▶ _TASK GOAL_
All records given below must be printed word for word.

▶ _Saved entries_
---------------

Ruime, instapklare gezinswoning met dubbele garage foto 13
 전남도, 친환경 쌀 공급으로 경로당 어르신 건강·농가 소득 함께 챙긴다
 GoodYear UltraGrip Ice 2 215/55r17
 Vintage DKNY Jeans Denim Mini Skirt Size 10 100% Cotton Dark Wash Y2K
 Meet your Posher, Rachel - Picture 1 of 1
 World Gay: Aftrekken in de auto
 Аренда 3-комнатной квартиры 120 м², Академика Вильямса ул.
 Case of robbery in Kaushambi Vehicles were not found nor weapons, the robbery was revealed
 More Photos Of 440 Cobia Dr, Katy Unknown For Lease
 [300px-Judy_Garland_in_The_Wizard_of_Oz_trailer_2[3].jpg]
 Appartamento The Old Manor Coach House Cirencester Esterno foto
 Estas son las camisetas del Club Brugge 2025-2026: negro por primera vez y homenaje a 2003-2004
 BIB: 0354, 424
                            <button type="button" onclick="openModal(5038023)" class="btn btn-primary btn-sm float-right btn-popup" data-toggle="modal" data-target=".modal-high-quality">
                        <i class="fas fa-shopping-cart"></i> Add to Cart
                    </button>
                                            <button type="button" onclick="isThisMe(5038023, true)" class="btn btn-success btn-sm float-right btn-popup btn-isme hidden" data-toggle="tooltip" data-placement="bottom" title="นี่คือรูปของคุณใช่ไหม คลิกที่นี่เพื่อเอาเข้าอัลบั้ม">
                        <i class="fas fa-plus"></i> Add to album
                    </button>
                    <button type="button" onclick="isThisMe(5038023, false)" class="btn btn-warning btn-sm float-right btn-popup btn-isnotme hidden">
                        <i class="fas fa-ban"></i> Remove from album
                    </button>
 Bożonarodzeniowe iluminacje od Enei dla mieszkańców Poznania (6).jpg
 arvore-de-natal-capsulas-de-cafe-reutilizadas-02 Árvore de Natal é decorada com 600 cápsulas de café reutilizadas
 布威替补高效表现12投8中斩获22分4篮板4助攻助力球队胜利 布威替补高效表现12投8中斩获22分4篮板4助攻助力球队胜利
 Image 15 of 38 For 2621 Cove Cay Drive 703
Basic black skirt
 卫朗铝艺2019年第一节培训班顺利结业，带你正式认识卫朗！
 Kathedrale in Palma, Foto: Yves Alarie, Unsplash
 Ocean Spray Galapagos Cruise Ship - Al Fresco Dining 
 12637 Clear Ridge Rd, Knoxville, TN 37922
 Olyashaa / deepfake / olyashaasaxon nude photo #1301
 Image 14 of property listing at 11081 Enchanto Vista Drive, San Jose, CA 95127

---------------

▶ _ANSWER FOR THIS EXERCISE_
Ruime, instapklare gezinswoning met dubbele garage foto 13
 전남도, 친환경 쌀 공급으로 경로당 어르신 건강·농가 소득 함께 챙긴다
 GoodYear UltraGrip Ice 2 215/55r17
 Vintage DKNY Jeans Denim Mini Skirt Size 10 100% Cotton Dark Wash Y2K
 Meet your Posher, Rachel - Picture 1 of 1
 World Gay: Aftrekken in de auto
 Аренда 3-комнатной квартиры 120 м², Академика Вильямса ул.
 Case of robbery in Kaushambi Vehicles were not found nor weapons, the robbery was revealed
 More Photos Of 440 Cobia Dr, Katy Unknown For Lease
 [300px-Judy_Garland_in_The_Wizard_of_Oz_trailer_2[3].jpg]
 Appartamento The Old Manor Coach House Cirencester Esterno foto
 Estas son las camisetas del Club Brugge 2025-2026: negro por primera vez y homenaje a 2003-2004
 BIB: 0354, 424
                            <button type="button" onclick="openModal(5038023)" class="btn btn-primary btn-sm float-right btn-popup" data-toggle="modal" data-target=".modal-high-quality">
                        <i class="fas fa-shopping-cart"></i> Add to Cart
                    </button>
                                            <button type="button" onclick="isThisMe(5038023, true)" class="btn btn-success btn-sm float-right btn-popup btn-isme hidden" data-toggle="tooltip" data-placement="bottom" title="นี่คือรูปของคุณใช่ไหม คลิกที่นี่เพื่อเอาเข้าอัลบั้ม">
                        <i class="fas fa-plus"></i> Add to album
                    </button>
                    <button type="button" onclick="isThisMe(5038023, false)" class="btn btn-warning btn-sm float-right btn-popup btn-isnotme hidden">
                        <i class="fas fa-ban"></i> Remove from album
                    </button>
 Bożonarodzeniowe iluminacje od Enei dla mieszkańców Poznania (6).jpg
 arvore-de-natal-capsulas-de-cafe-reutilizadas-02 Árvore de Natal é decorada com 600 cápsulas de café reutilizadas
 布威替补高效表现12投8中斩获22分4篮板4助攻助力球队胜利 布威替补高效表现12投8中斩获22分4篮板4助攻助力球队胜利
 Image 15 of 38 For 2621 Cove Cay Drive 703
Basic black skirt
 卫朗铝艺2019年第一节培训班顺利结业，带你正式认识卫朗！
 Kathedrale in Palma, Foto: Yves Alarie, Unsplash
 Ocean Spray Galapagos Cruise Ship - Al Fresco Dining 
 12637 Clear Ridge Rd, Knoxville, TN 37922
 Olyashaa / deepfake / olyashaasaxon nude photo #1301
 Image 14 of property listing at 11081 Enchanto Vista Drive, San Jose, CA 95127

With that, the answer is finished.